Little survives of the vernacular architecture of the medieval period due to the use of perishable materials for the great majority of buildings. Most domestic buildings were built on timber frames, usually with wattle and daub infill. Roofs were typically covered with thatch; wooden shingles were also employed, and from the 12th century tile and slate came into use in some areas.[6] Also around the 12th century, the cruck frame was introduced, increasing the size of timber-framed vernacular buildings.[6] Typically, larger houses of this period were based around a great hall open from floor to roof. One bay at each end was split into two storeys and used for service rooms and private rooms for the owner.[9] Even quite high up the social scale houses were small by modern standards, except for the very wealthy.[10]
Buildings surviving from this period included moated manor houses of which Ightham Mote is a notable late medieval example, and Wealden hall houses such as Alfriston Clergy House.

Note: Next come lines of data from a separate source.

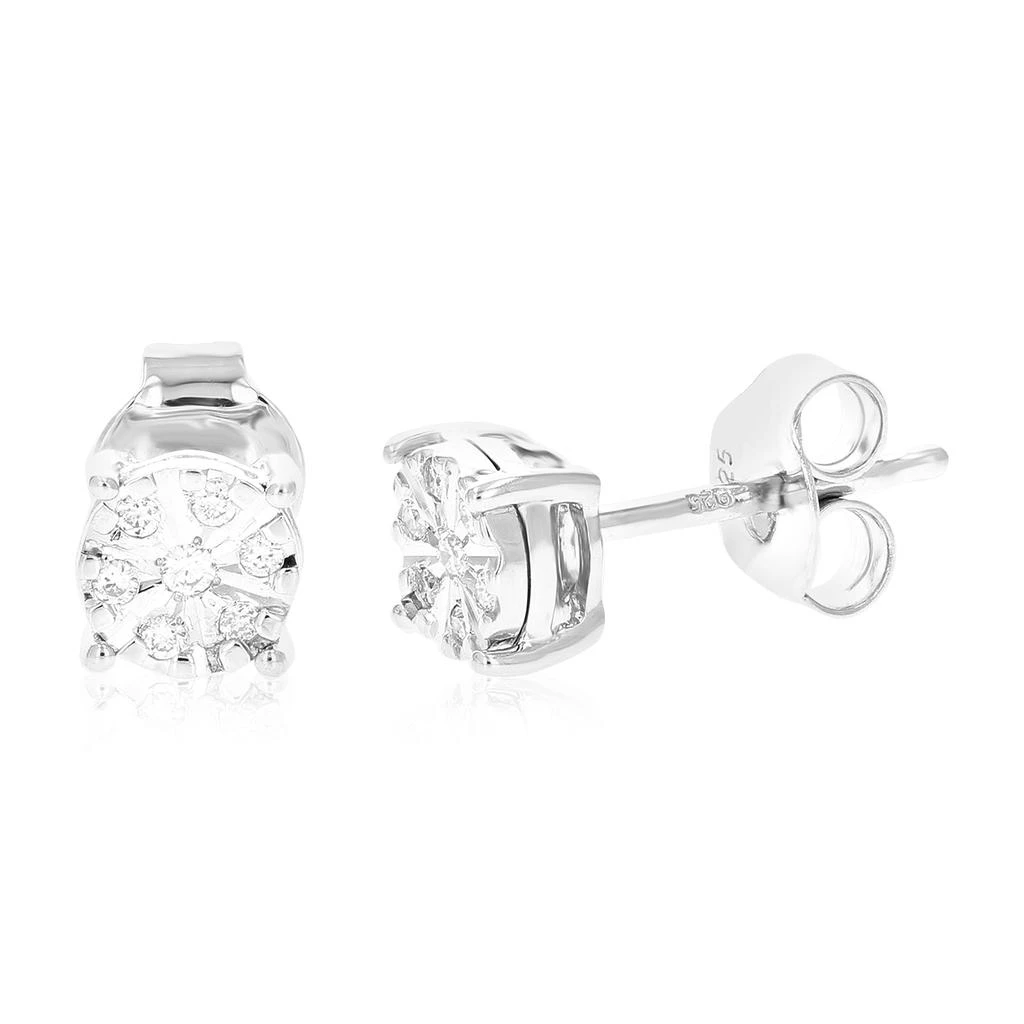 Vir Jewels 1/12 cttw 14 Stones Round Lab Grown Diamond Studs Earrings .925 Sterling Silver Prong Set 1/5 Inch 1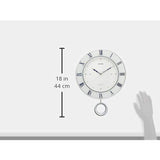 Rhythm Clock Radio Wave Pendulum Wall Clock Analog toraimeteo Crystal Ornament Decor Model White Rhythm 8mx402sr03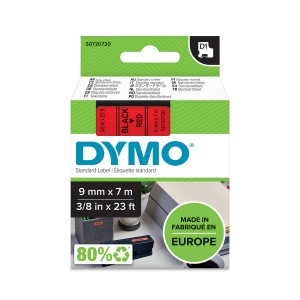 DYMO D1 lente 9 mm x 7 m / melna uz sarkana (40917 / S0720720) - S0720720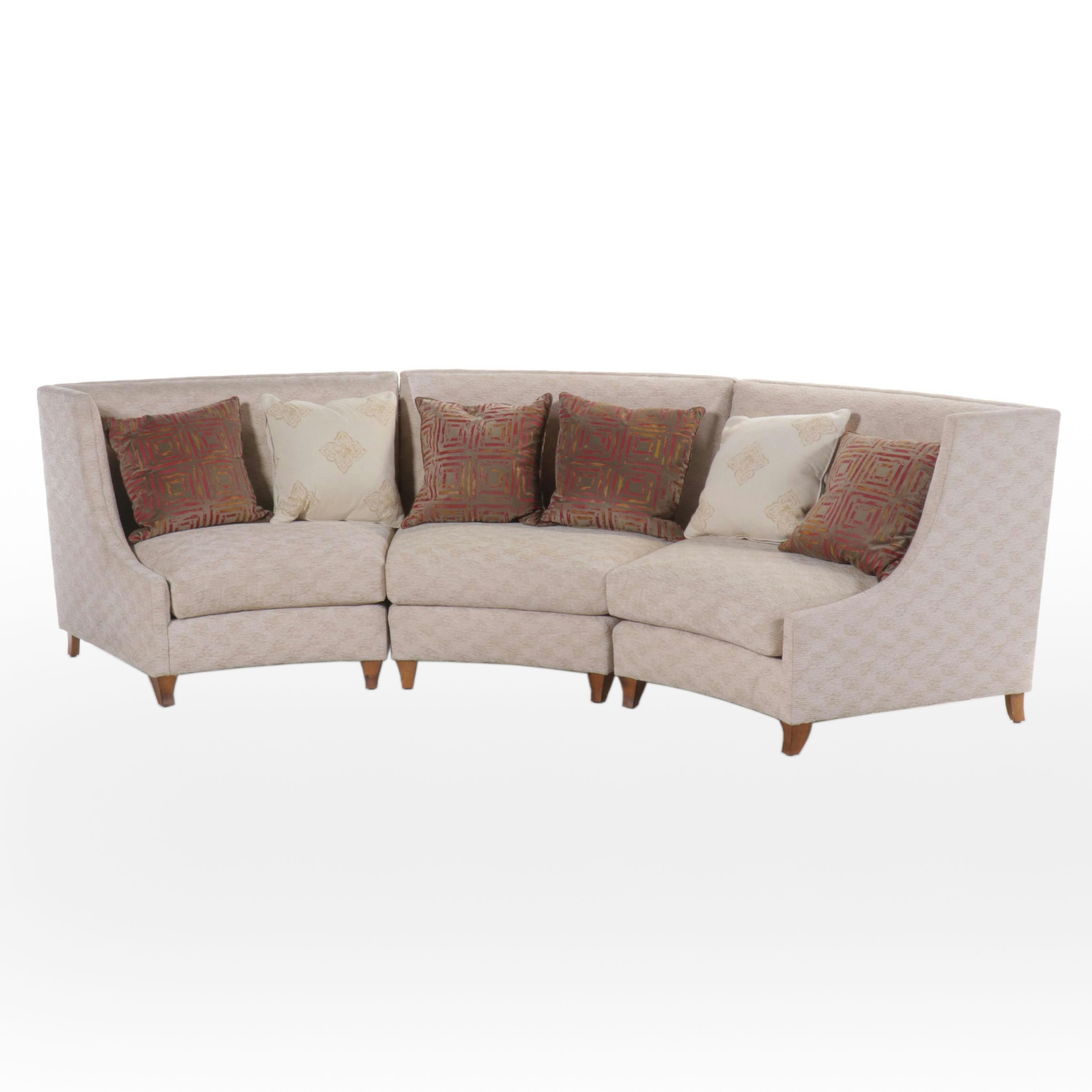 Century Furniture Contemporary Three-Piece Curved Sectional Sofa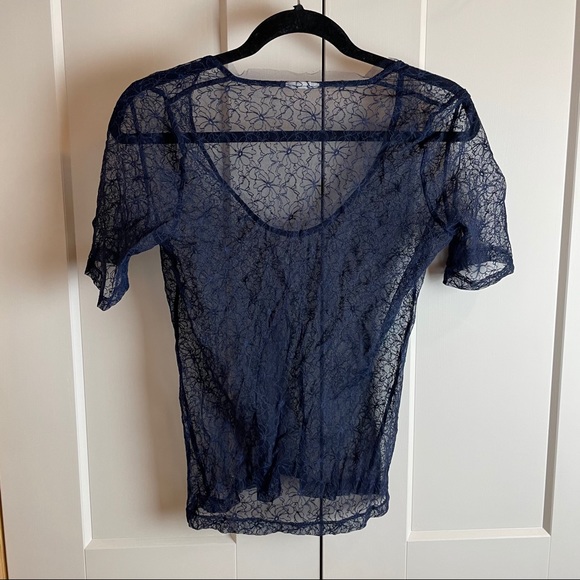 Sheer navy lace tee - Picture 2 of 3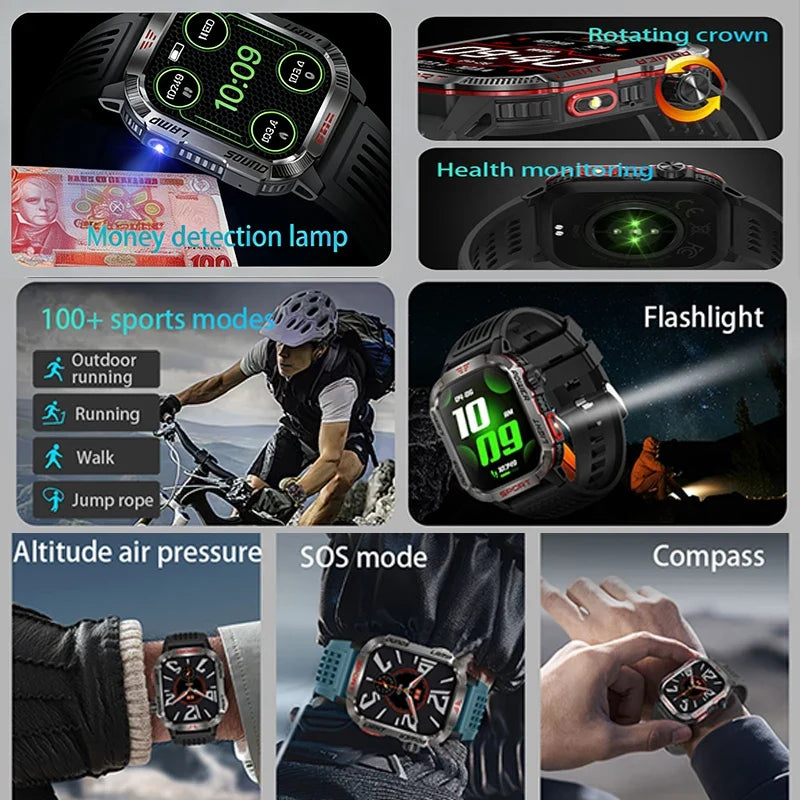 New Military GPS Smart Watch Men Flashlight Compass Waterproof 600mAh Battery Outdoor Sport Tracker Bluetooth Call Smartwatch
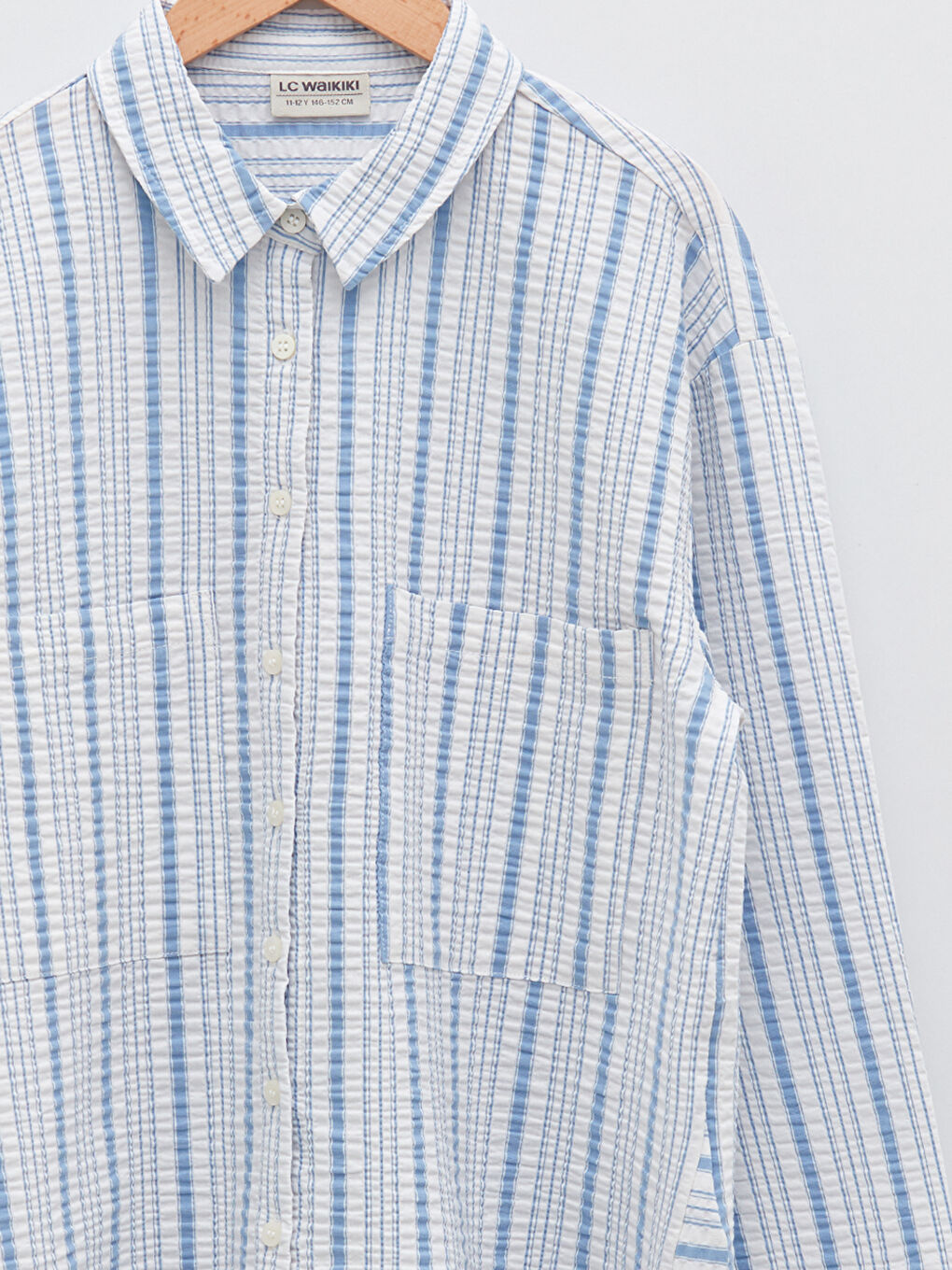 Mavi Çizgili Uzun Kollu Kız Çocuk Gömlek-6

Tintagel Old Post Office is a 14th-century manor house in a part of the country where stone was the typical building material for better houses. Little Moreton Hall, a large manor house begun in 1504-08 and later extended, is a famous showpiece of decorative half-timbering.[11] Near the dangerous Scottish border, the peel tower was a type of tower house or small castle; in Scotland they were even more common. The bastle house was a two-storey version, continuing what had been a common form of house for the better-off across the country in the late Anglo-Saxon and Norman periods.[12]
See main article: Tudor architecture, Prodigy house and Elizabethan architecture. The Tudor period constitutes a transitional phase, in which the organic continuity and technical innovation of the medieval era gave way to centuries in which architecture was dominated by a succession of attempts to revive earlier styles.
The Perpendicular Gothic style reached its culmination in the reign of Henry VII and the early years of Henry VIII, with the construction of King's College Chapel, Cambridge and Henry VII's Chapel at Westminster Abbey. However, the Reformation brought an effective halt to church-building in England which continued in most parts of the country until the 19th century.
By the time of Henry VII's accession castle-building in England had come to an end and under the Tudors ostentatious unfortified country houses and palaces became widespread, built either in stone or in brick, which first became a common building material in England in this period. Characteristic features of the early Tudor style included imposing gatehouses (a vestige of the castle), flattened pointed arches in the Perpendicular Gothic manner, square-headed windows, decoratively shaped gables and large ornate chimneys. Outstanding surviving examples of early Tudor palatial architecture include Hampton Court Palace and Layer Marney Tower.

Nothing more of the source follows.